My husband and his (mostly male) buddies, on the other hand, have a daily bike ride that starts at 4:00 p.m. and lasts until 6 or 6:30 -- which is right when the kids are getting out of school and starting homework.  My sons similarly have late afternoon/early evening sports.  J-son doesn't get home from boxing until 7:15.  N-son has after-school squash, plus evening drums and voice rehearsals.  So the men-folk in my household are not around to prepare dinner, at least not unless we wait until 8 p.m. to eat.  If our friends are any indication, the same pattern holds in many households across our city.
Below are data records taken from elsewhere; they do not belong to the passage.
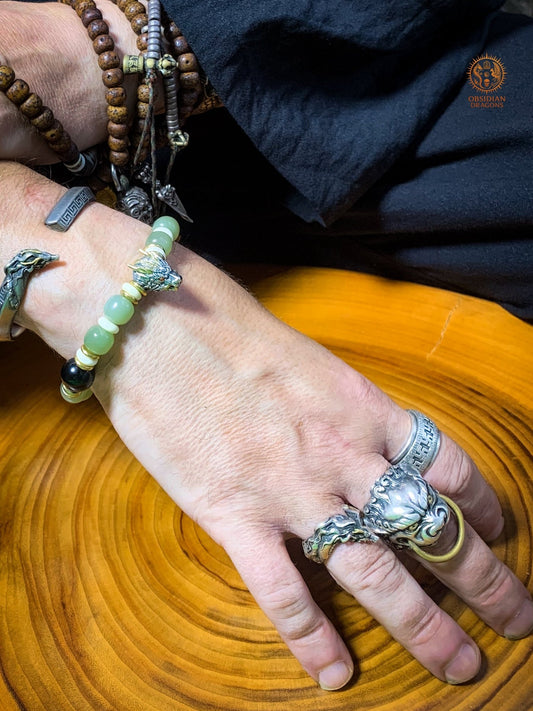Bracelet Dragon en Jade, Obsidienne Œil Céleste et argent | obsidian dragons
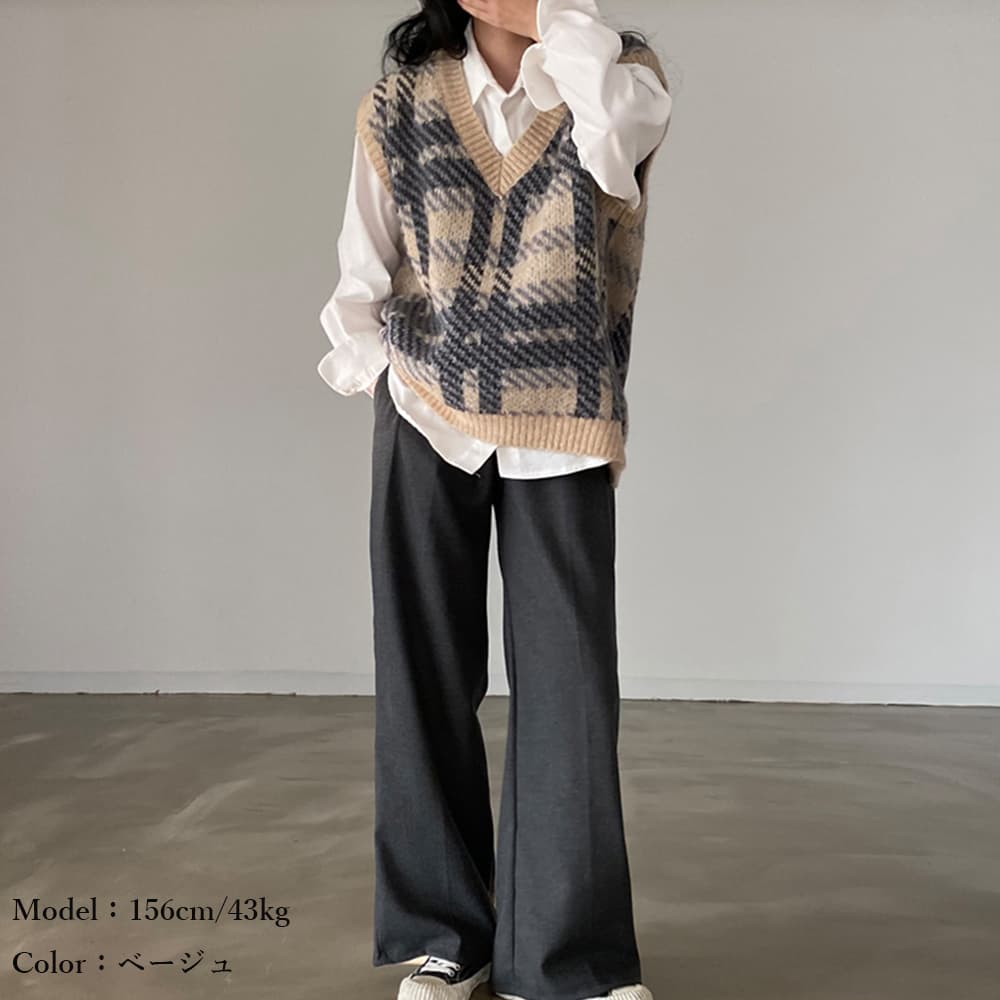 レトロ調チェック柄 黒ニットベスト レディース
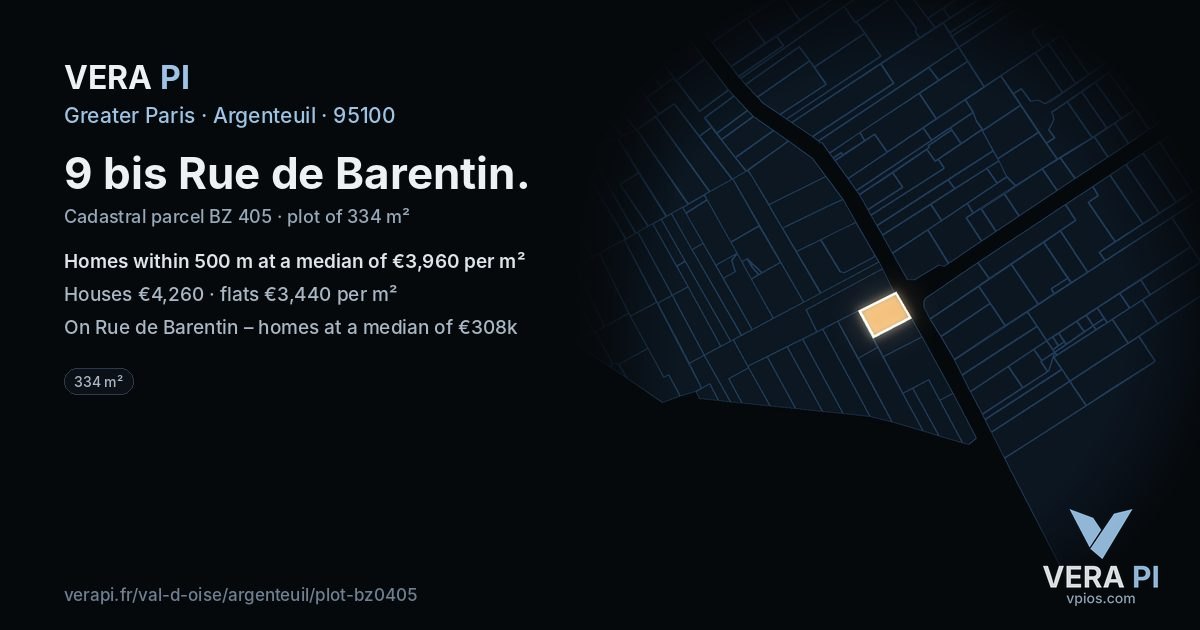 9 bis Rue de Barentin, Argenteuil at night – the plot lit, the parcels around coloured by the prices near them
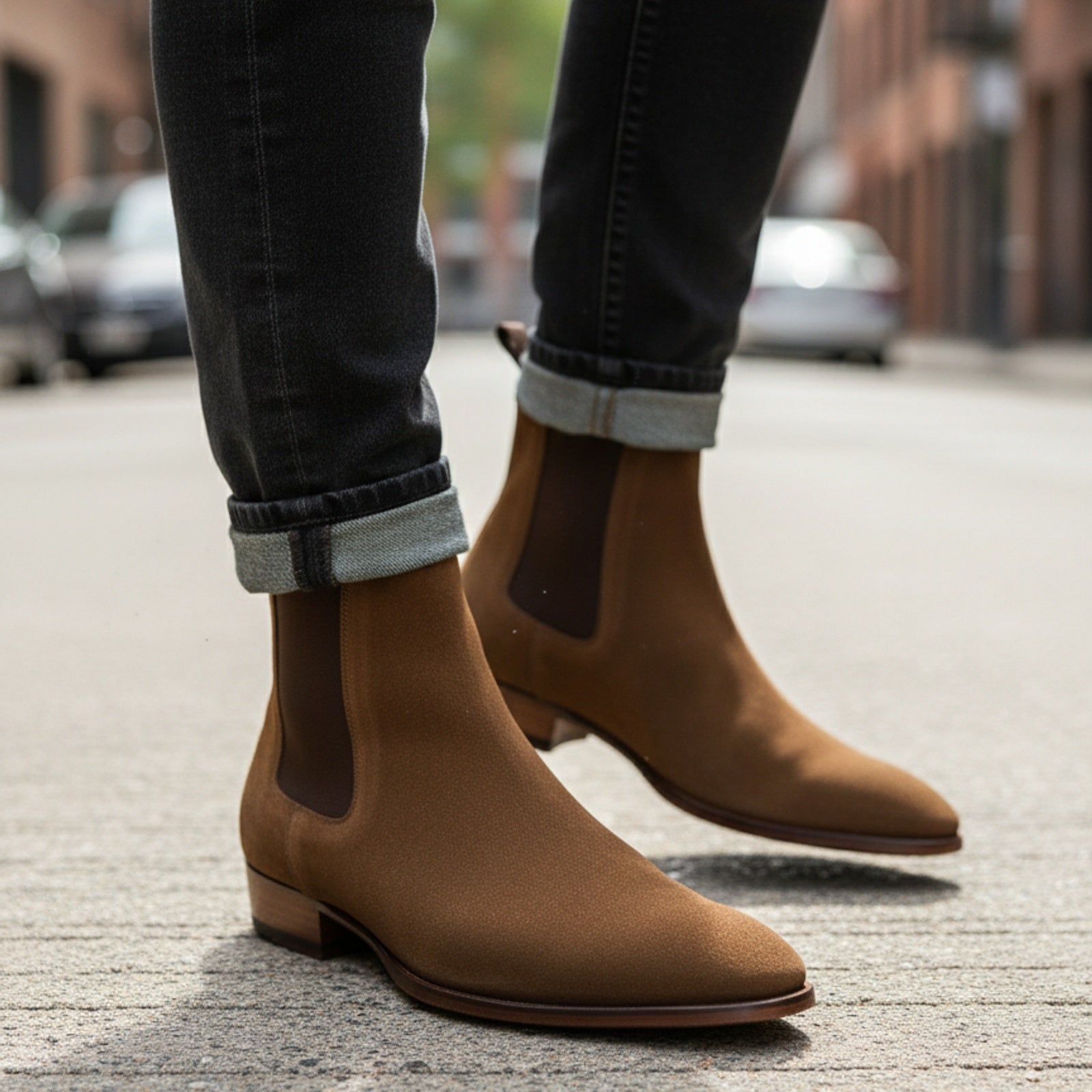 model-walking-street - Men's Brown Suede Chelsea Ankle Boots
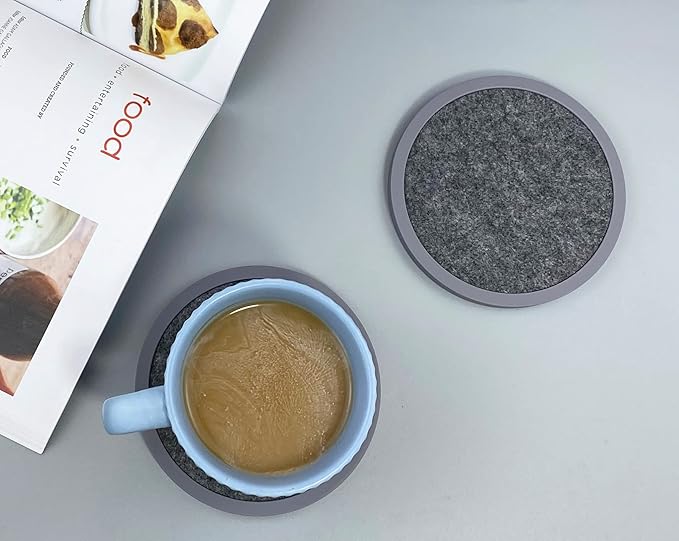 Absorbent Coasters for Drinks - 6packs, Silicone Coasters with Soft Felt Insert (4.3inch, Grey and Black)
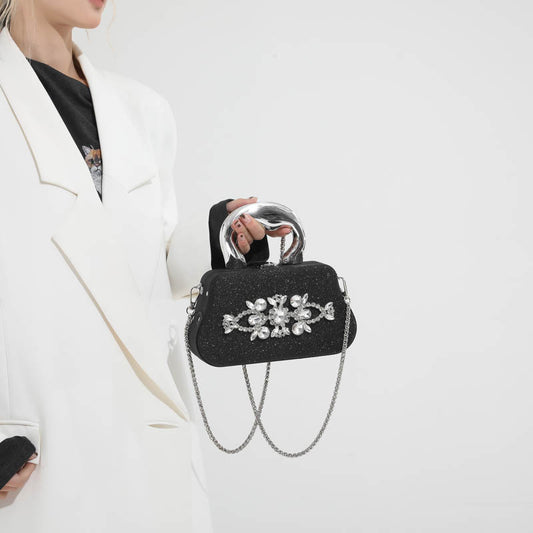 New rhinestone evening dress handbag - shoulder bag, crossbody box bag - elegant party evening clutch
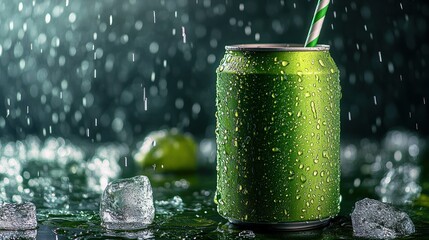 Refreshing green can in the rain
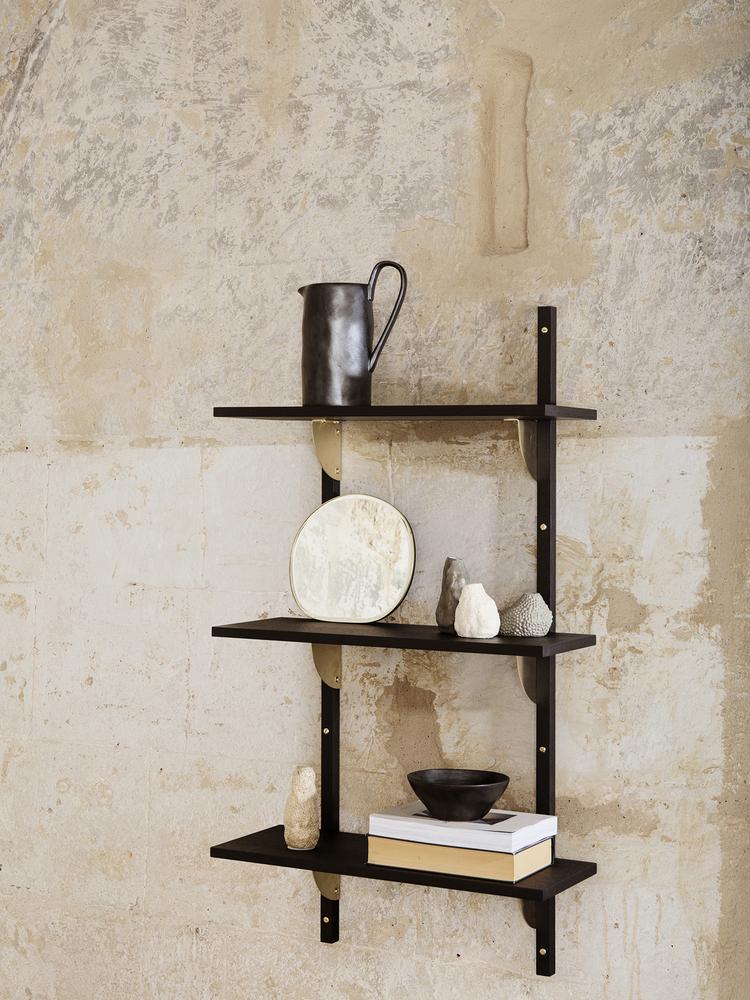 Sector Triple Narrow - Ferm Living - Shelving - Dark Stained Ash/Black Brass - HORNE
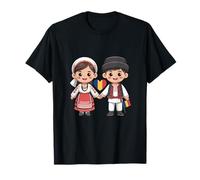 Bambini Contadini Rumeni Costume Tradizionale Popolare Maglietta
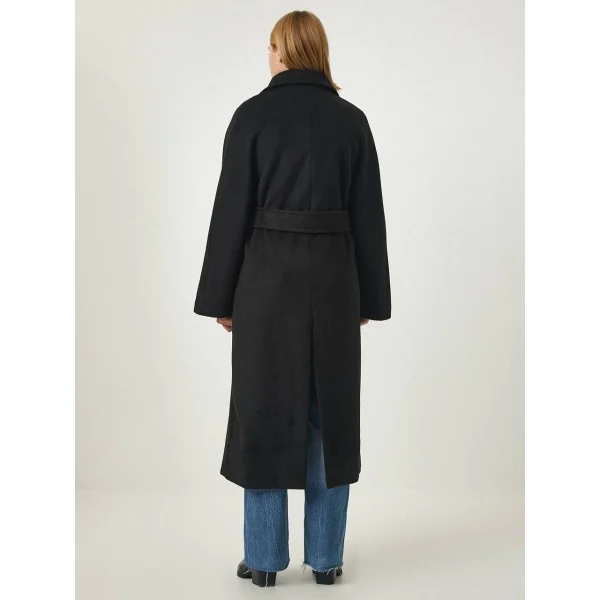 Kuşak Kapamalı Siyah Yün Kaban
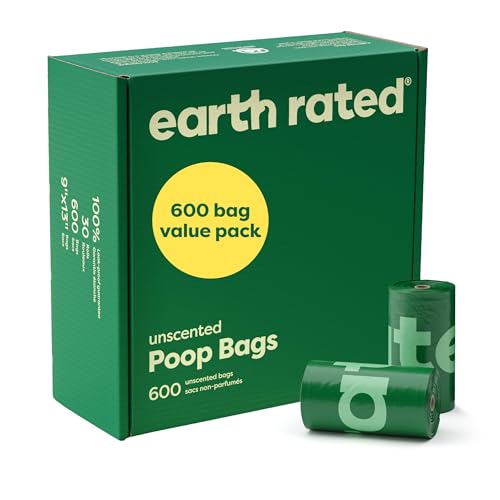 Earth Rated Sacchetti Igienici Per Cani, A Prova Di Perdite E Extra Resistenti, Rotoli Di Ricarica, Senza Profumo, 600 Pezzi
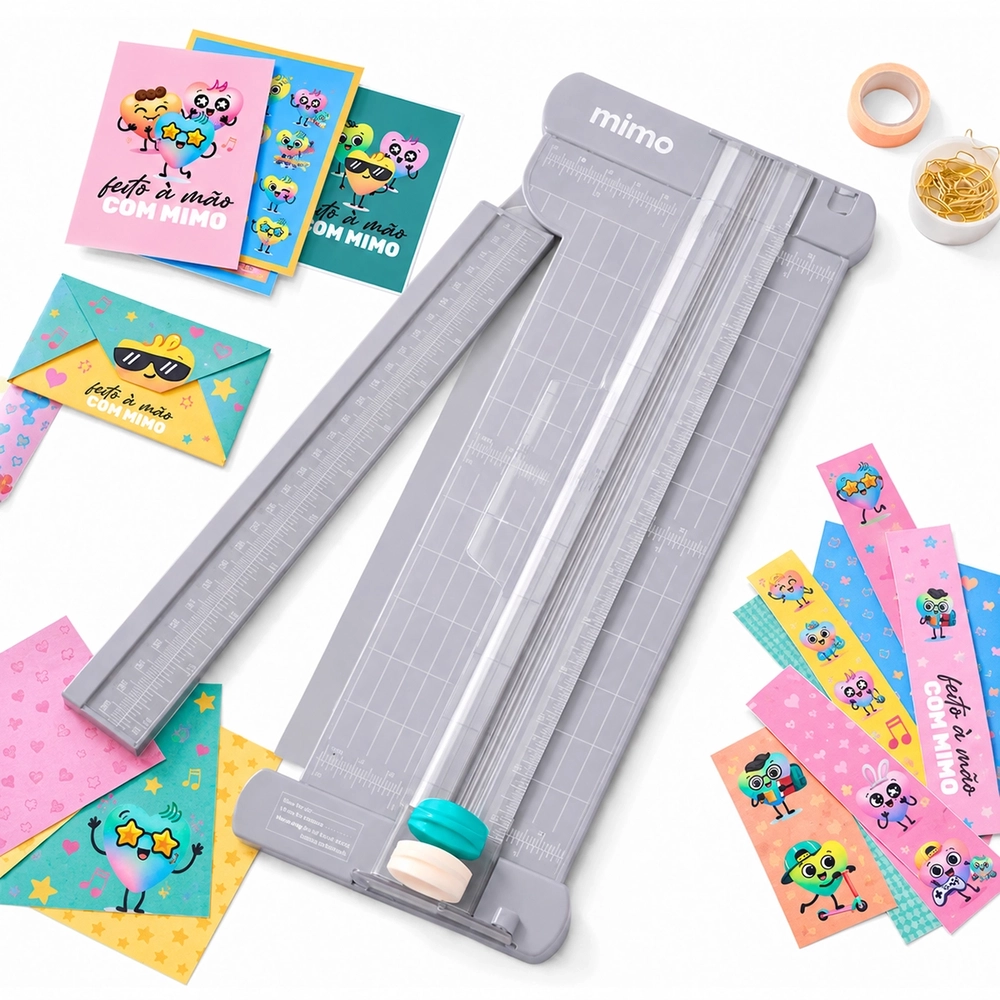 Trimmer 2 em 1 Mimo - Corte e vinco - A4 - 30,5cm x 35,5 cm com régua extensora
With the school year starting up again -- and with my committee load kicking into high gear this year -- I've been keeping an eye on our dinner scheduling.  We've recently pulled out the old "Family Meal Planning White Board" (with the days of the week in permanent marker, and the chef of the day in dry erase marker).  There are five us us at home (that includes our host daughter, Y, who takes a meal a week), so there are plenty of chefs to go around.  With a bit of careful work, we can coordinate with sports and musical schedules.

Sometimes, the hard part about making dinner is figuring out what to make. But for our family lately, it's almost as tricky to figure out who is making it.  Wish us luck!